As he goes on, Arthur explicitly keeps in mind two "side issues" that constantly recur in writings about technology: the analogy to Darwin's program of evolution, on one hand, and the analogy to Kuhn's theories of scientific revolution on the other. But these are, to my mind, different articulations of the same idea: that "questions" and "answers" (whether you characterise these as "environmental features" and "biological adaptations which evolve to deal with them", or "observational conundrums" and "scientific theories which purport to explain them") are, to a large extent, interdependent: something is only a conundrum if it appears to contradict the prevailing group of theories. What both Darwin and Kuhn suggest is that "linear progress" - insofar as it implies a predetermined goal to which an evolutionary algorithm is progressing - is a misconceived idea. Evolutionary development is better characterised as a move *away* from the status quo, rather than a move *toward* anything (in hindsight, both will seem the same; to confuse them is a fundamental error).

Yet, and while Arthur clearly recognises this, he does continue to frame his explanatory theory in terms of "forward progress", as if that is the "conundrum" to be solved. The thing is, even our traditional conception of it has this the wrong way round: "the invention of the jet engine" wasn't what was going on; it was "the invention of a way to fly in thinner air". The jet engine was the first solution arrived at that met that purpose (as, in a totally different context, Richard Susskind elegantly points out, when you shop for a Black & Decker, it isn't a drill you want; it's a hole). Technology (and science, and biology) isn't an end, it's a means. The more means you have, the more ends are available to you.

I had therefore wondered whether Arthur had missed a trick in his account of technology - the fact that any novel solution to an old problem creates *new questions* that we did not think - or need - to ask previously.

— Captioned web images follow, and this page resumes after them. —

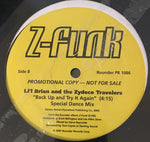 Lil' Brian And The Zydeco Travelers : H-Town Zydeco / Back Up And Try It Again - (Special "Just Do It Again" Dance Mix) (12", Single)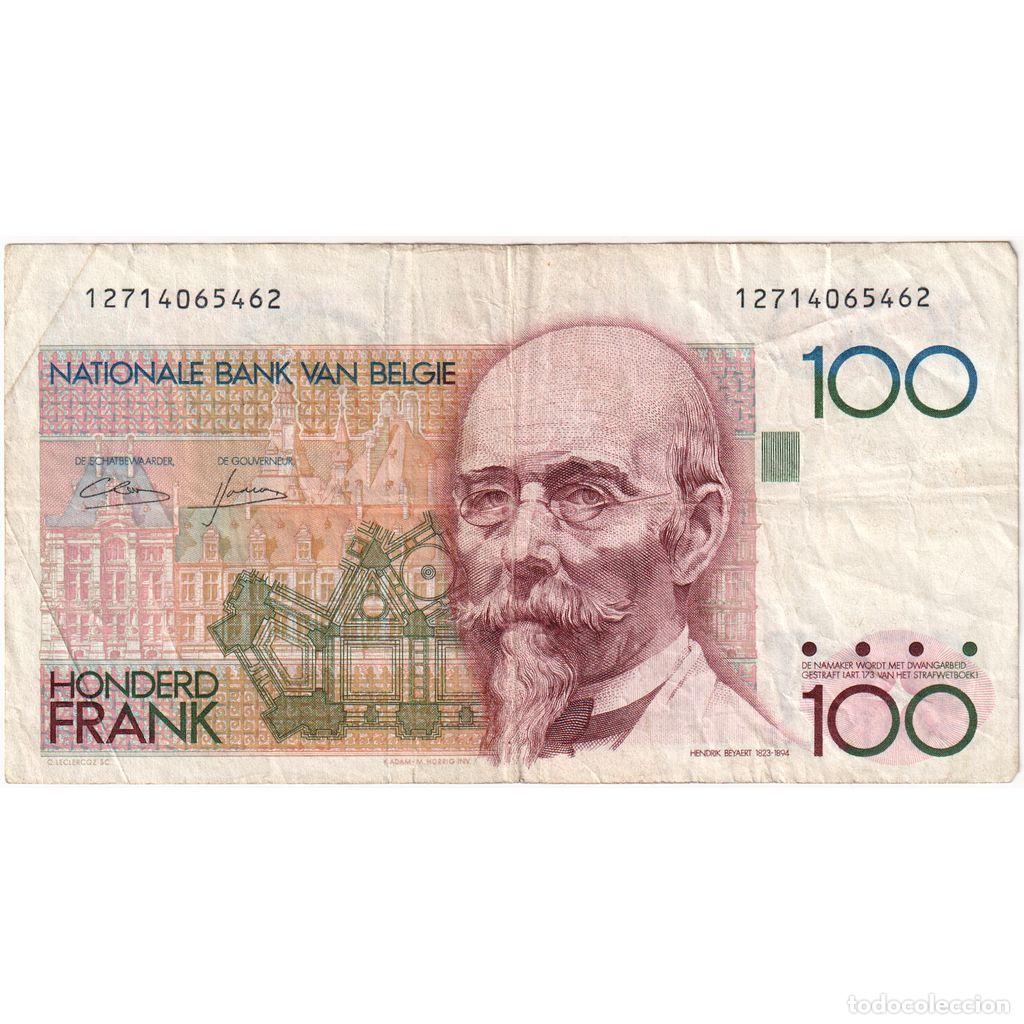 Billetes extranjeros: [#1234540] B&eacute;lgica, 100 Francs, ND (1978-81), BC+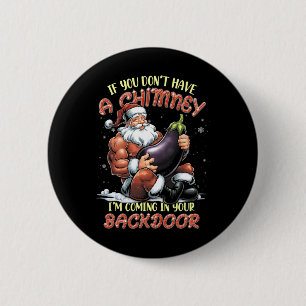 Offensive Christmas Adult Ual Innuendo Santa Rude 2 Inch Round Button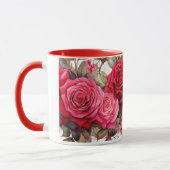 Mug Roses rouges, Roses rouges, (Gauche)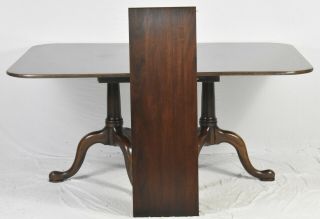 Henkel Harris Mahogany Dining Table with 1 Leaves Williamsburg Queen Anne Style 5
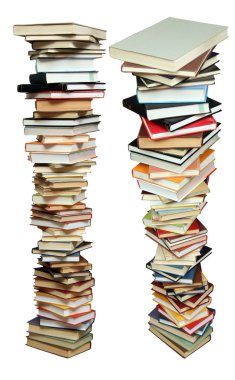 kitap yığını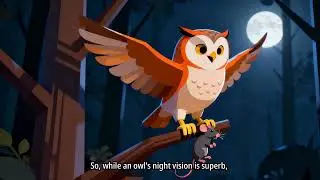 Owl Vision: Night and Day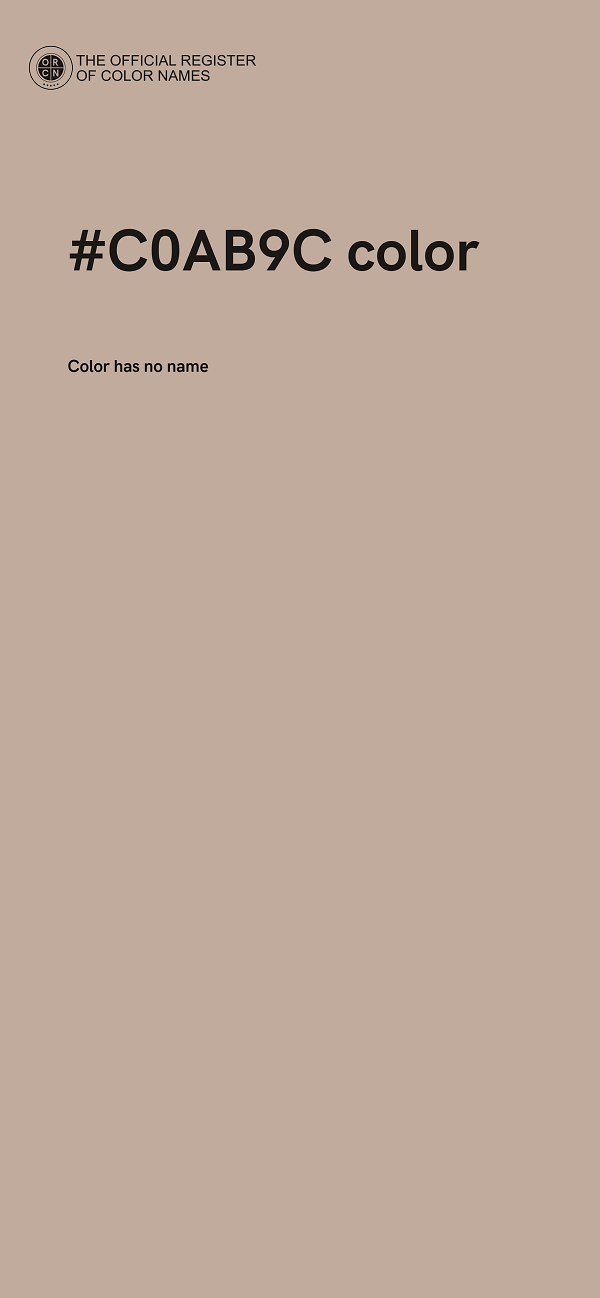 #C0AB9C color image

But as his book closes and he views technology through the prism of the economy (on his theory the two are independent; the former is not merely the handmaiden of the latter), he nails this, too:

"The coming of novel technologies does not just disrupt the status quo by finding new combinations that are better versions of the goods and methods we use. It sets up a train of technological accommodations and of new problems, and in doing so it creates new opportunity niches that call forth fresh combinations which in turn introduce further technologies - and further problems."

The implications of this are striking. They completely undermine the idea of technology as a "forwardly moving" phenomenon. It recalibrates to our changing needs and perceptions, just as we recalibrate to the changing perspectives and vistas it affords us. That is a million miles away from Ray Kurzweil's carefully plotted (and in this reviewer's opinion, absurd) logarithmic charts of technological progress that will see machines - and, on Kurzweil's account, eventually the cosmos itself - "wake up".

Even if there were no other reasons (and there are many), one reason for favouring Arthur's less ambitious (but actually more radical) view is its humanity. Arthur closes the book with a neat bit of lit crit: the forces of good and evil in Star Wars, he observes, can be differentiated by their relationship with technology: the Empire's clinical, cold, efficient, androidal heartlessness - against the temperamental, jury rigged, cantankerous and fallible technology of the rebels: in one case technology is our weapon: it relies on us, on our skill, on our judgment and our humanity: we are the necessary homunculus; in the other the humans are, more or less, the "necessary evil" - the impediment to the technology achieving its ends.

Recognising that the special sauce in technology is, for the time being at least, the bit supplied by the meatware, is a comforting thought.